▶
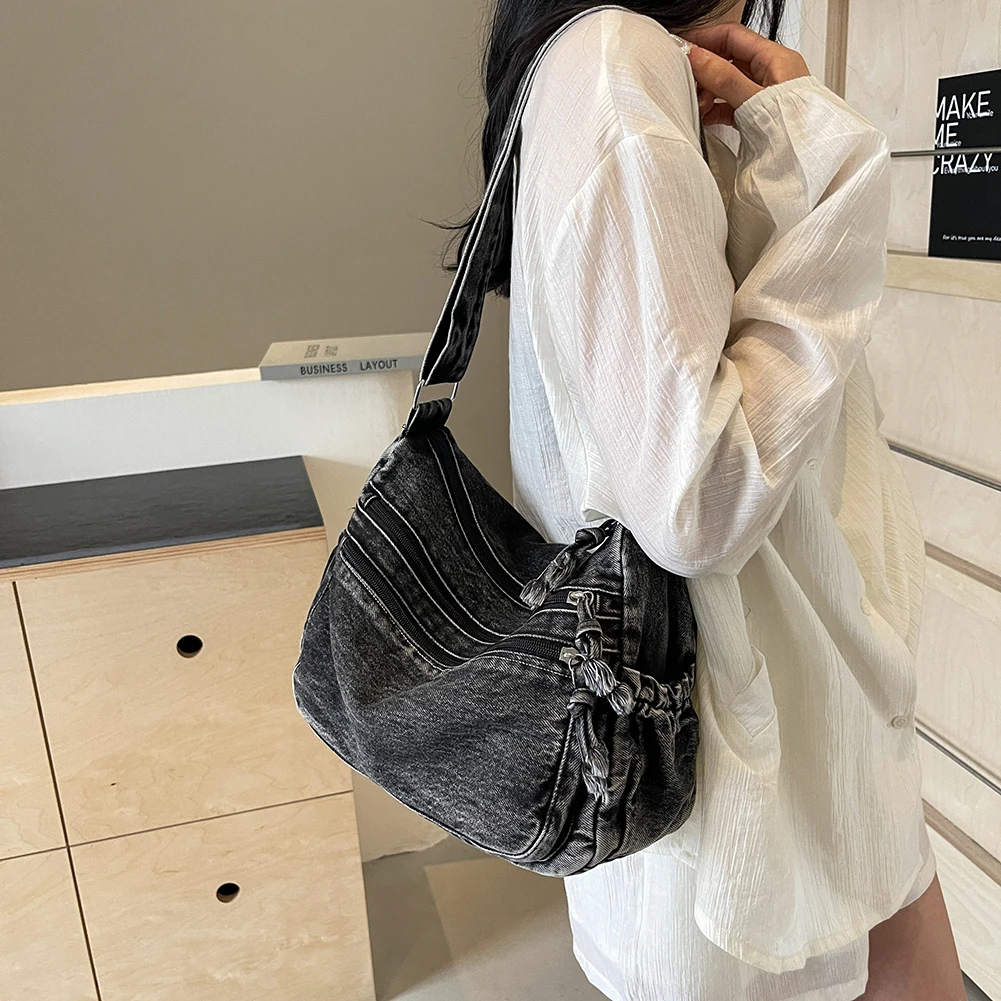 Vintage Denim Shoulder Bag Women\'s Large Capacity Messenger Bag Multi-pockets Satchel Bags Adjustable Strap Ladies Crossbody Bag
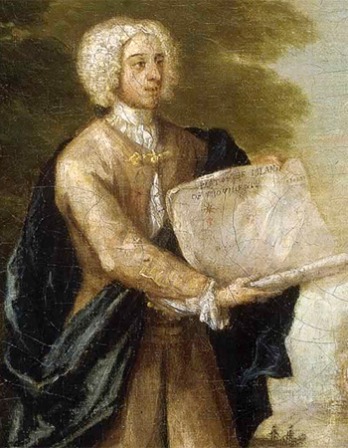 Painting of English privateer Woodes Rogers.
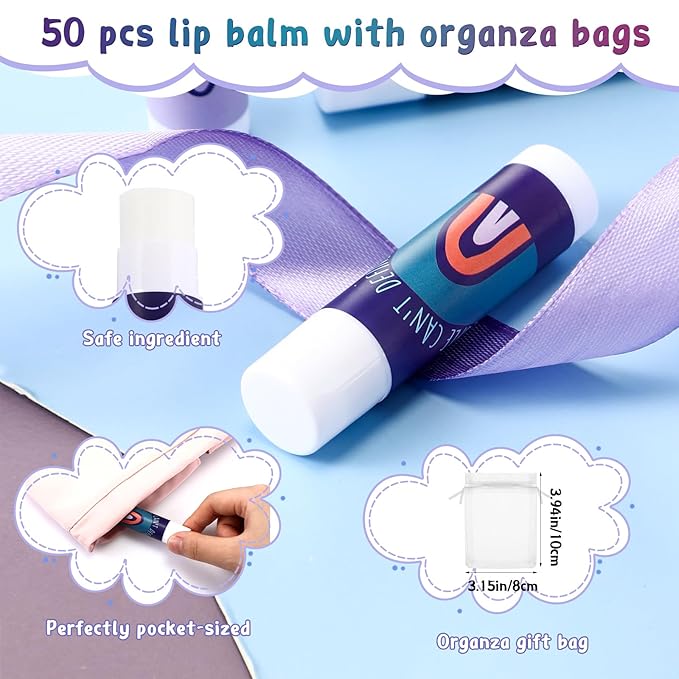 Fumete 50 Pcs Suicide Prevention Awareness Lip Balm Bulks Purple Teal Ribbon Lip Balm Mental Health Care Gift for Suicide Prevention Awareness Inspirational Favor Charity Campaign Supplies-VivaGrace Women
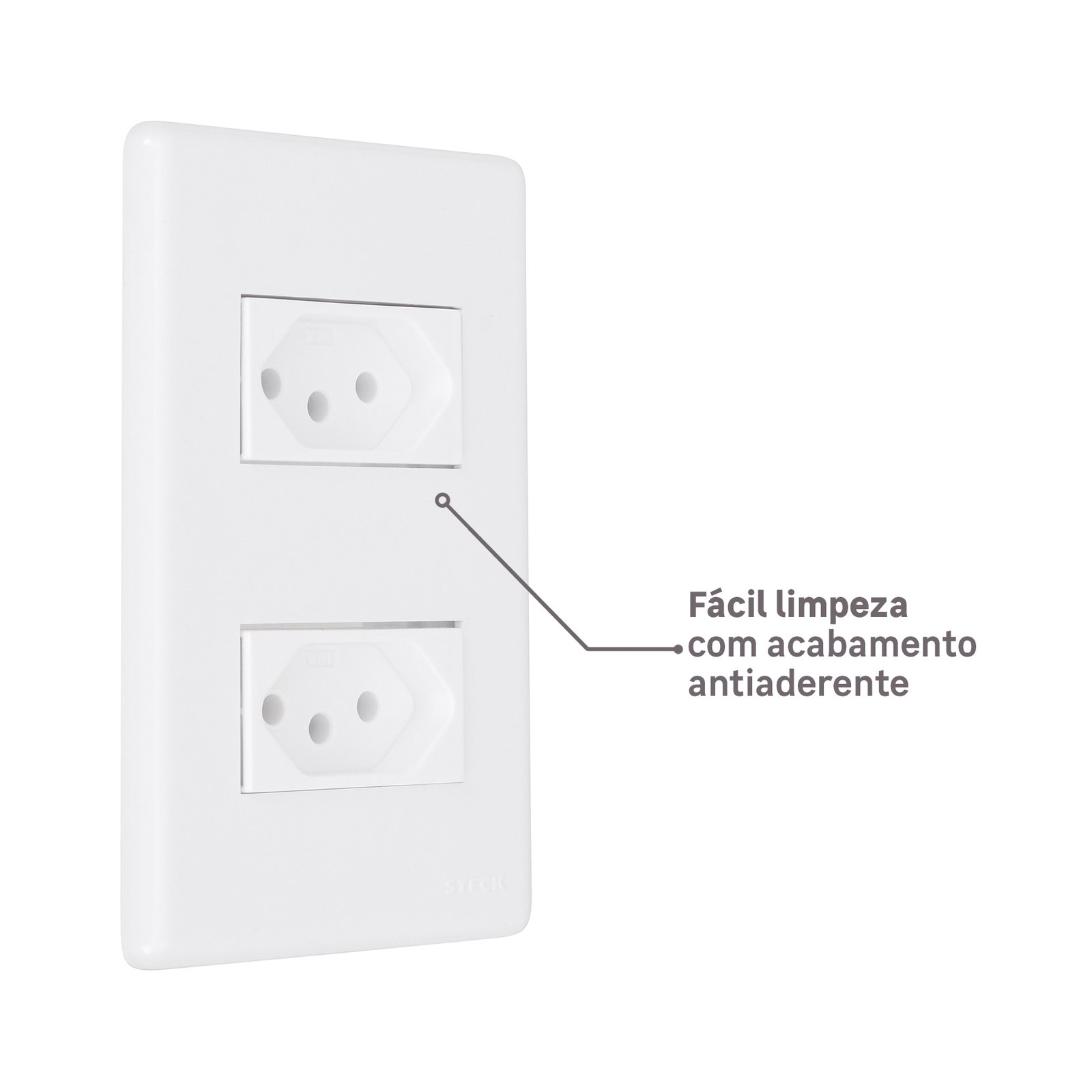 Conjunto 2 Tomadas Energia 10A 4x2 Branco Stella Steck - Imagem 5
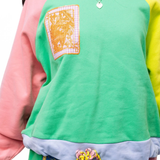 Colorblock QOS Card Logo Tie SweatshirtWomen - Tops - Sweatshirts & PopoversQueen of SparklesThe Printed Peach Savannah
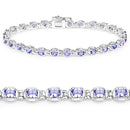 4.59 Carat Genuine Tanzanite .925 Sterling Silver Bracelet-8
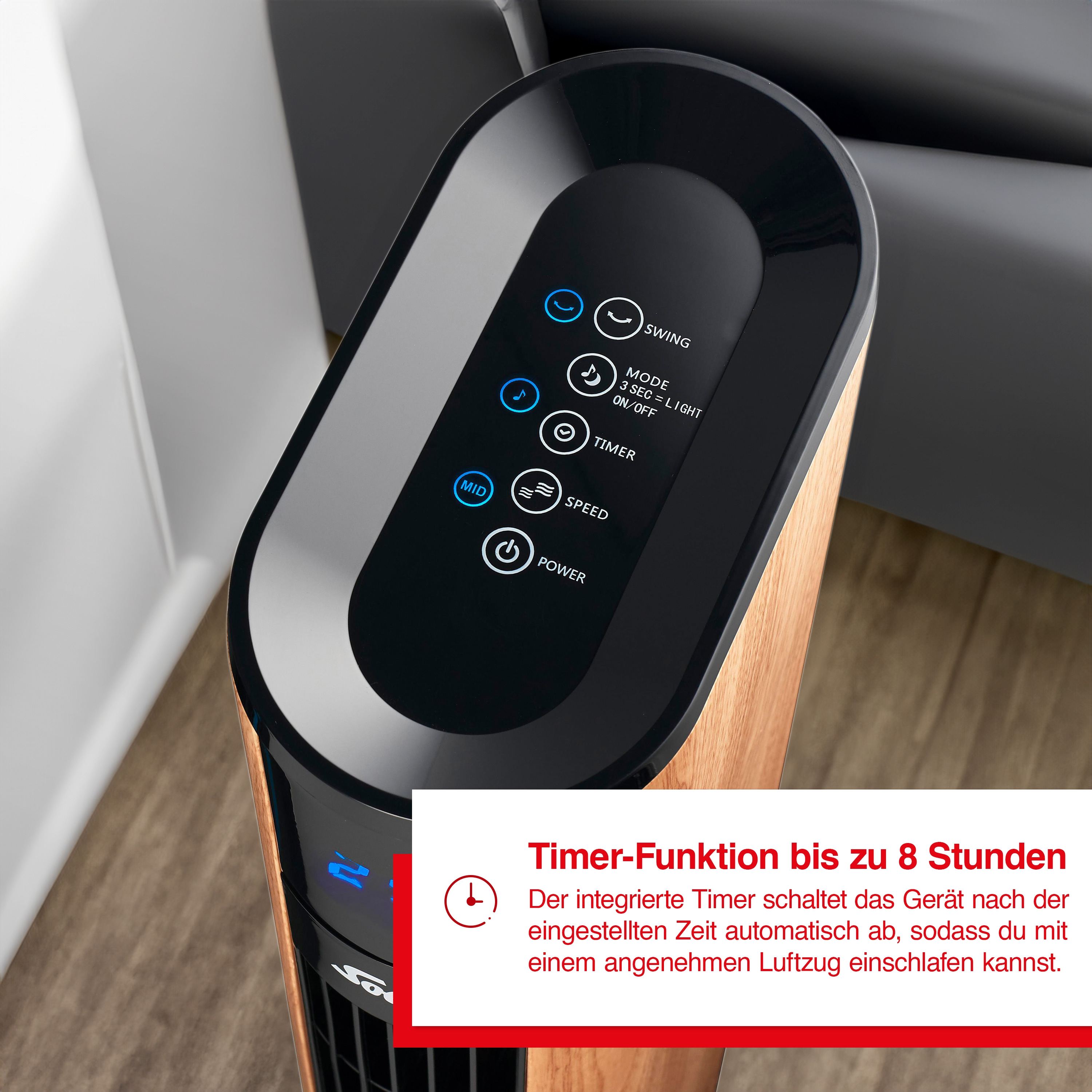 Ein hoher Ventilator mit Knöpfen und einem Text zur Timerfunktion.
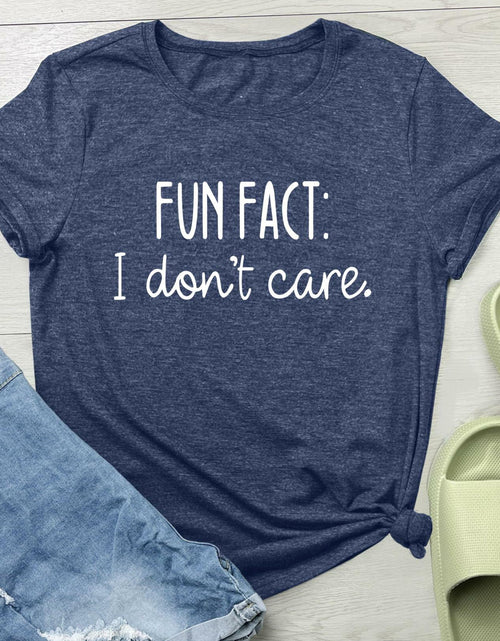 Load image into Gallery viewer, LOOKFACE Women Short Sleeve Fun FACT Graphic Tee Heather Navy Size XL
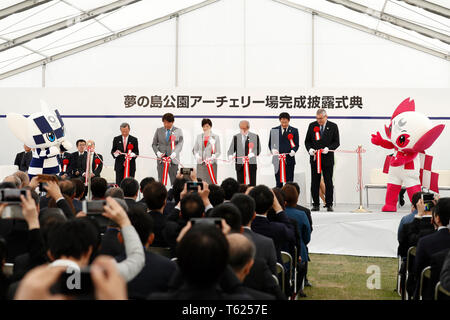 Tokyo Japan. 28th Apr 2019. L to R MIRAITOWA Takaaki Yamazaki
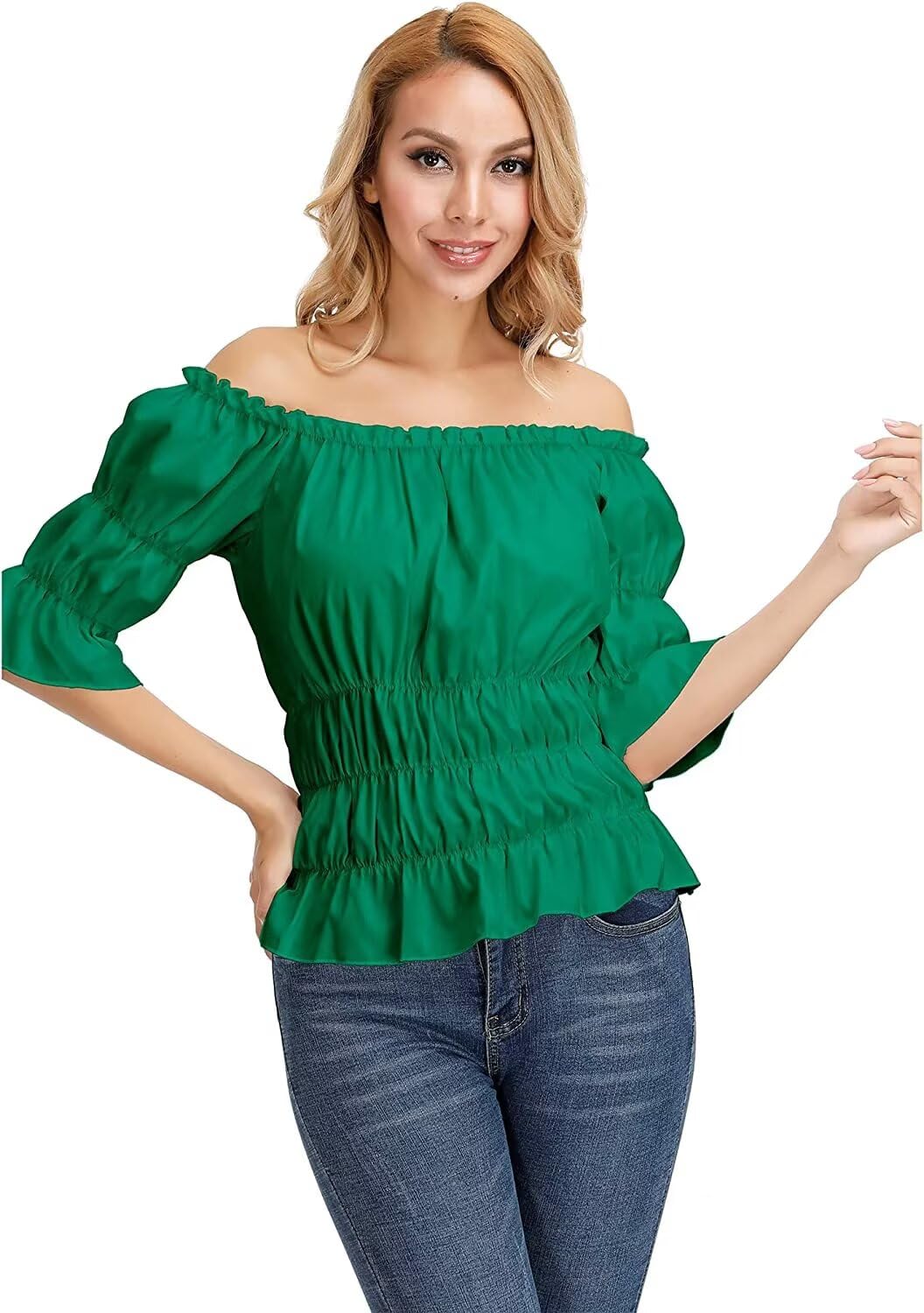 jutrisujo Women's Blouses & Shirts Medieval Renaissance Top Pirate Gothic Off The Shoulder Short Sleeve Summer Plus Size Ladies Green XXS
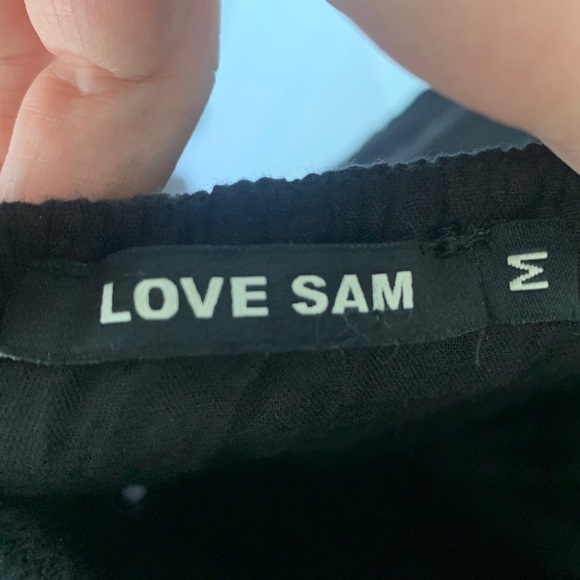 LOVE Sam Black Halter 100% Cotton Lace Boho Maxi Dress Women's Size Medium - Picture 11 of 14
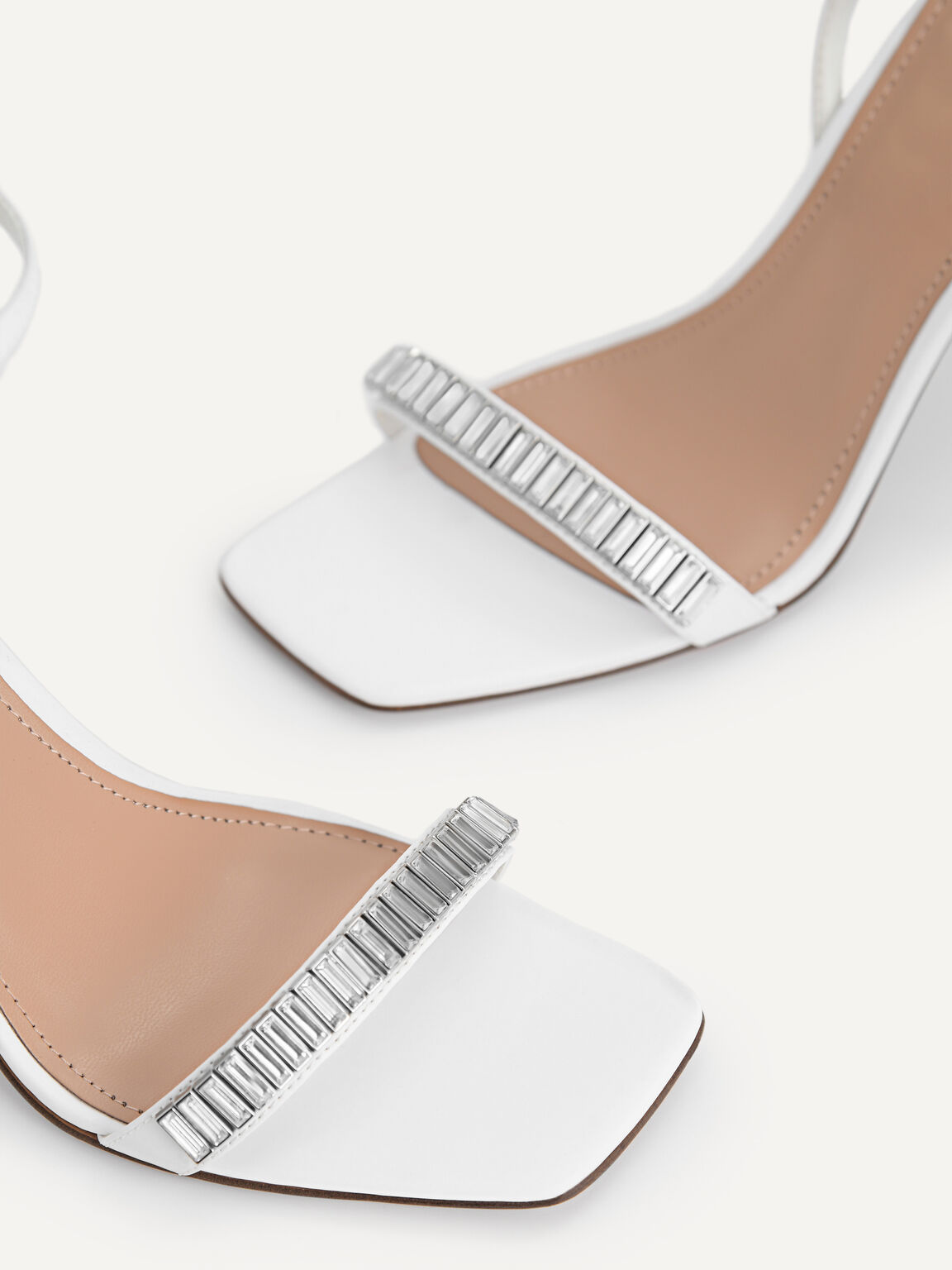 Sparkle Detailed High Heeled Sandals, White, hi-res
◀
§ **WORK REQUIRED**
Print nothing except the lines from the one with "jutrisujo Women's Blouses" through the last line of the listing, exactly as written and with pictures removed.

§ **SOLUTION FOR THIS PROBLEM**
 jutrisujo Women's Blouses & Shirts Medieval Renaissance Top Pirate Gothic Off The Shoulder Short Sleeve Summer Plus Size Ladies Green XXS
 LOVE Sam Black Halter 100% Cotton Lace Boho Maxi Dress Women's Size Medium - Picture 11 of 14
 Sparkle Detailed High Heeled Sandals, White, hi-res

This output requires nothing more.